*Problem*: Range to reproduce from the entries below: the line with "www.mrchipsoflouth.com", the line with "Veteran, NY 14845", and every line in between. Give them exactly and give nothing else.

--- Input for this task Enclosed Below ---

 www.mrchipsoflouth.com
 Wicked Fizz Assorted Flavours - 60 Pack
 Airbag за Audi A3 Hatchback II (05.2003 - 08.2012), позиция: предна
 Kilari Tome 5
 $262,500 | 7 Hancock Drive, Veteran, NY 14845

--- End of Enclosed Input for this task ---
--- Input for this task Enclosed Below ---

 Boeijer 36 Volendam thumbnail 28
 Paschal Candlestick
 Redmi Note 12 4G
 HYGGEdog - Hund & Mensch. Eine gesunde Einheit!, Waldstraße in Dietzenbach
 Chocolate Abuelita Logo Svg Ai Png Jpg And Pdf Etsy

--- End of Enclosed Input for this task ---
--- Input for this task Enclosed Below ---

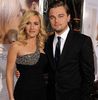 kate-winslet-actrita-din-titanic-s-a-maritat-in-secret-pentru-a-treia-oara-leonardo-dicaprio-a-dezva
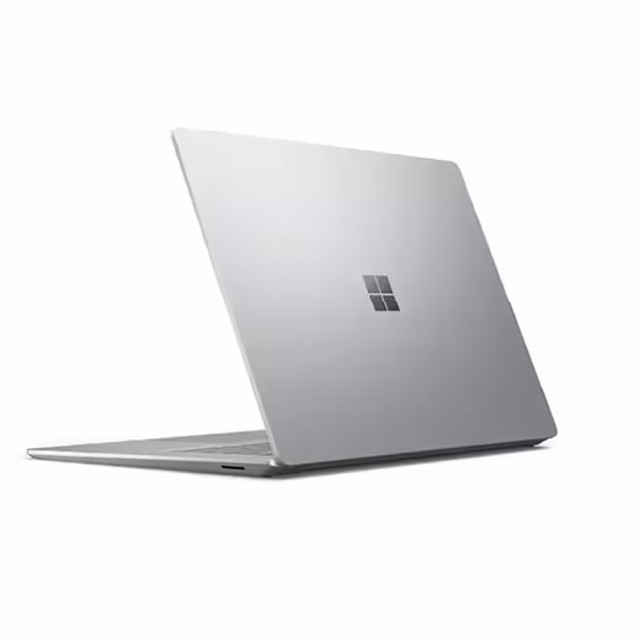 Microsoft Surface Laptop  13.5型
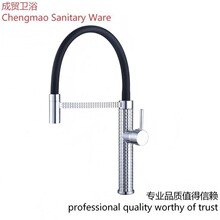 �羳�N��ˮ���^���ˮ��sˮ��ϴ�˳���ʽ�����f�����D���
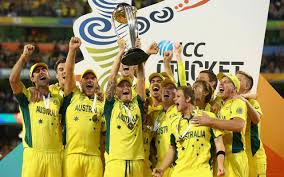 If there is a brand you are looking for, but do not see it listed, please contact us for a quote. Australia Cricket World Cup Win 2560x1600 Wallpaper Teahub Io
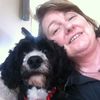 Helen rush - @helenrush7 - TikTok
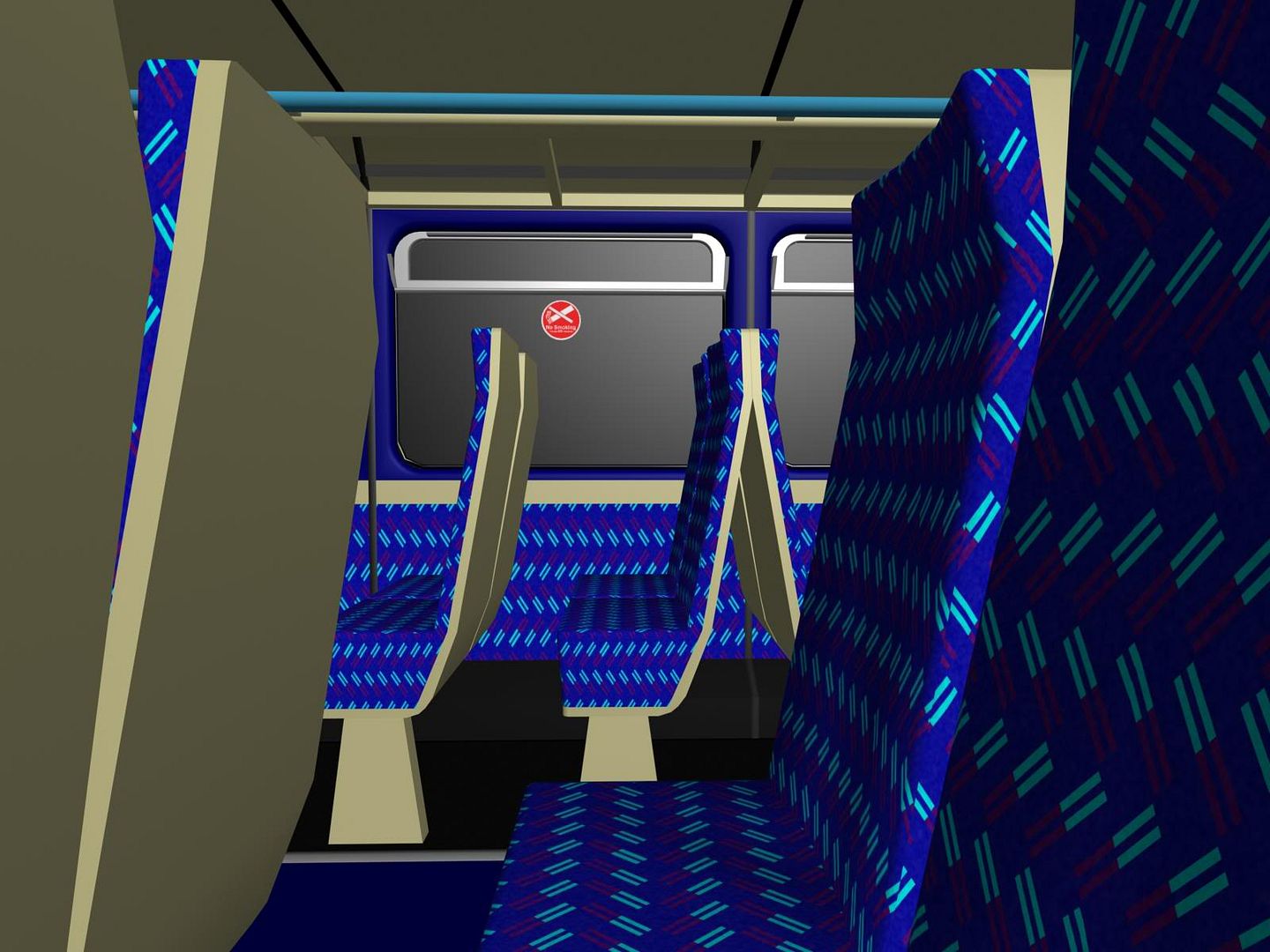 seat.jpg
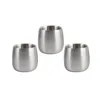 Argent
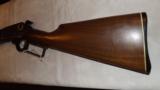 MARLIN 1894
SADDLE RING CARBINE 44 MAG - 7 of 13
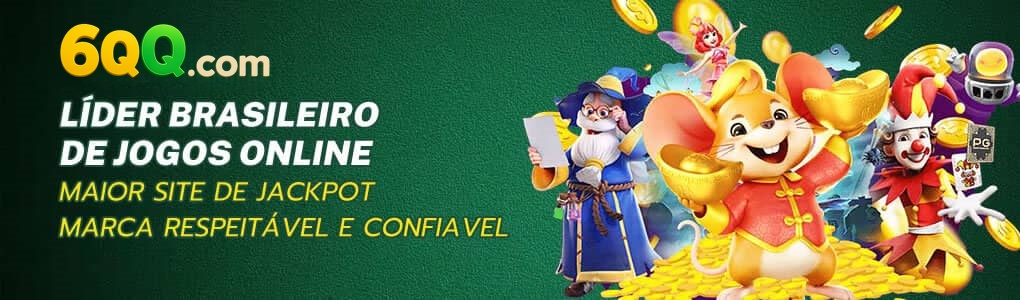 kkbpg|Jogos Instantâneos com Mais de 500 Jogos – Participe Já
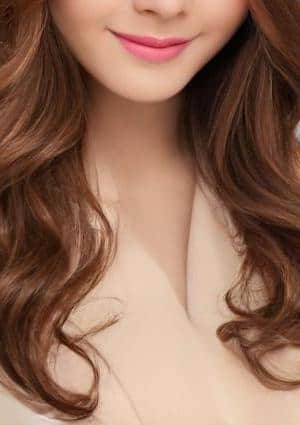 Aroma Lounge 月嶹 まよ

--- End of Enclosed Input for this task ---

*Task answer*:
 www.mrchipsoflouth.com
 Wicked Fizz Assorted Flavours - 60 Pack
 Airbag за Audi A3 Hatchback II (05.2003 - 08.2012), позиция: предна
 Kilari Tome 5
 $262,500 | 7 Hancock Drive, Veteran, NY 14845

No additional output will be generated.